Poker is on tv 24/7. The players are superstars, the money unfathomable. If A-Rod’s promoting gambling, then so are Makai Pfeiffer, Mathew Perry, Doogie Howser and everyone else who appears on Celebrity Poker Showdown. No, they aren’t playing in illegal establishments, but that has nothing to do with the ‘glamor-gambling’ issue. Poker is mainstream, and if the government doesn’t want to make it easier for players to conglomerate, they’re going to find a way.

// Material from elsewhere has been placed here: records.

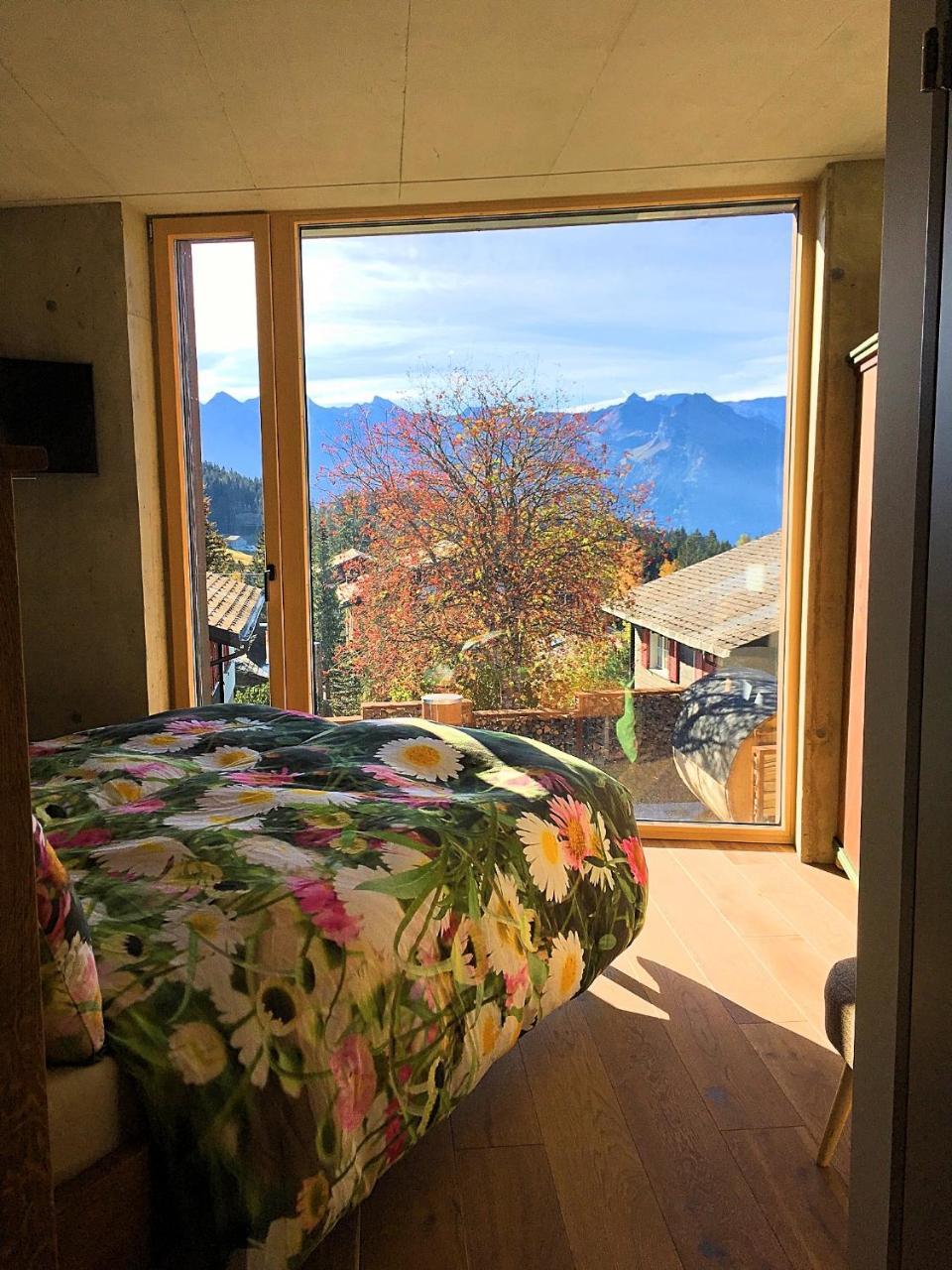 Mountain Chalet Амден Екстериор снимка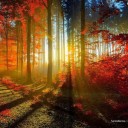 สมาชิกหมายเลข 3892287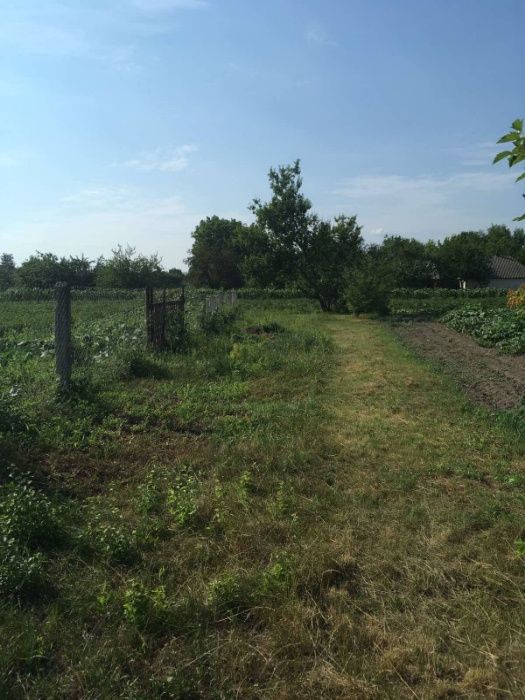 Продам земельну ділянку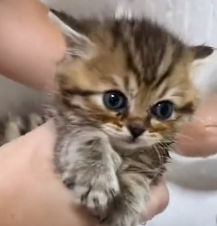 N2201017 This Animal’s Pain Gave Danger the Advantage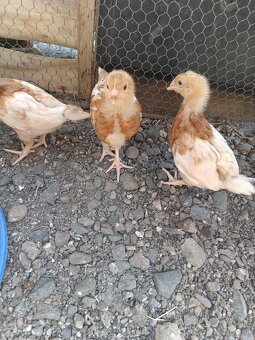 Kuriatka, kurčatka, sliepočky, nosnice - 3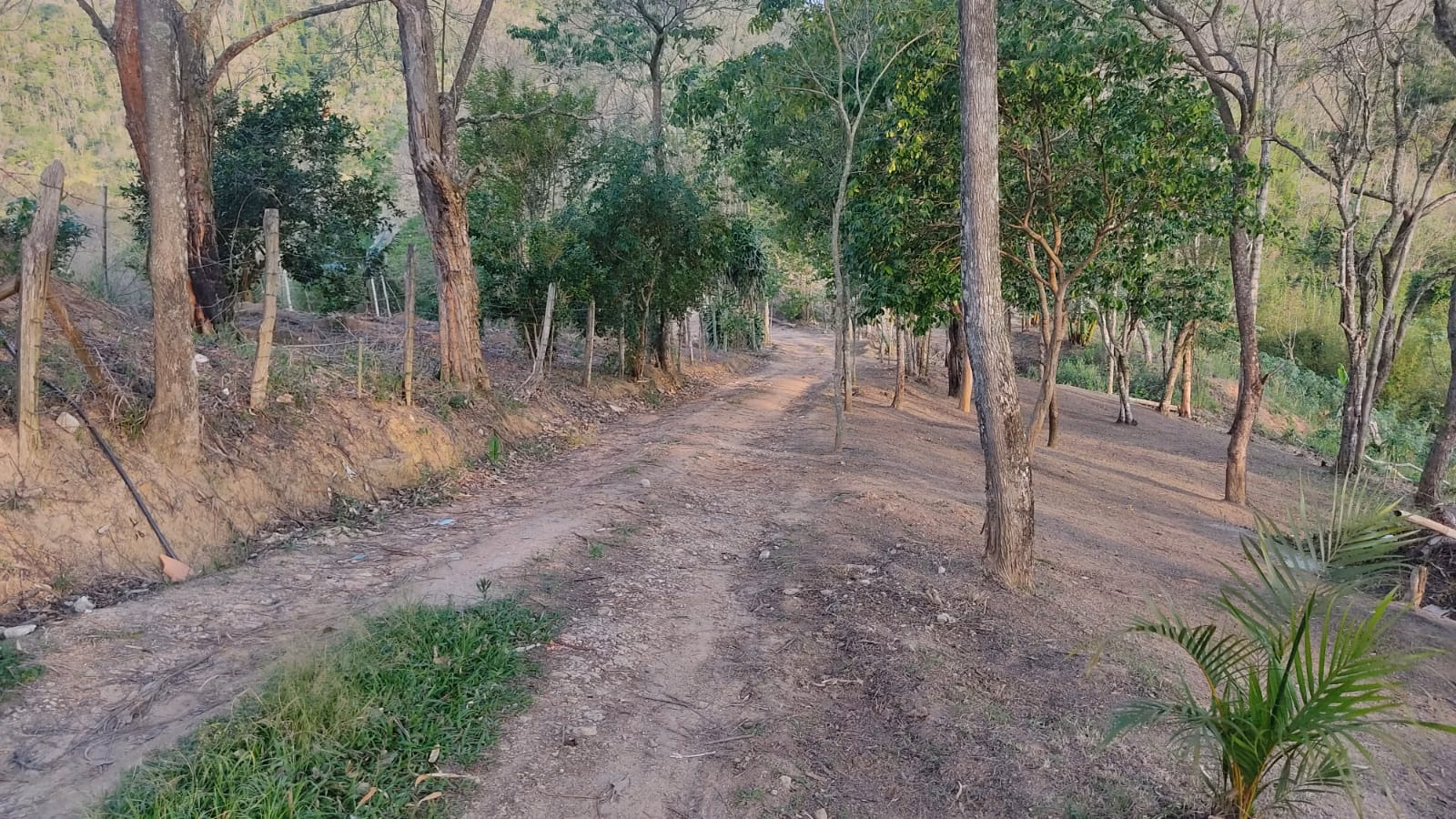 Sítio de 3 ha em Jambeiro, SP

The truth of the matter is there should be government subsidized card rooms in every city where the rake can go back to education and hospitals. Even the online card rooms would be happy paying a small percentage of their huge profits. “There’s nothing we’d love more than to give the government 3% of our earnings in exchange for legaility”, Mike Sexton told me a year ago. That these card rooms don’t exist has driven poker players here in Toronto to clubs for years. Until there’s a convenient alternative, it’s going to keep on happening.

So, if you’re going to despise A-Rod, hate him for his looks, talent, fame and attitude. Hate him for answering ‘Is this trade a good thing for baseball?’ with ‘It’s good for the Yankees’, hate him for $25 million a year, but don’t hate him for playing a little poker. It’s a misplaced frustration that would be better wasted elsewhere.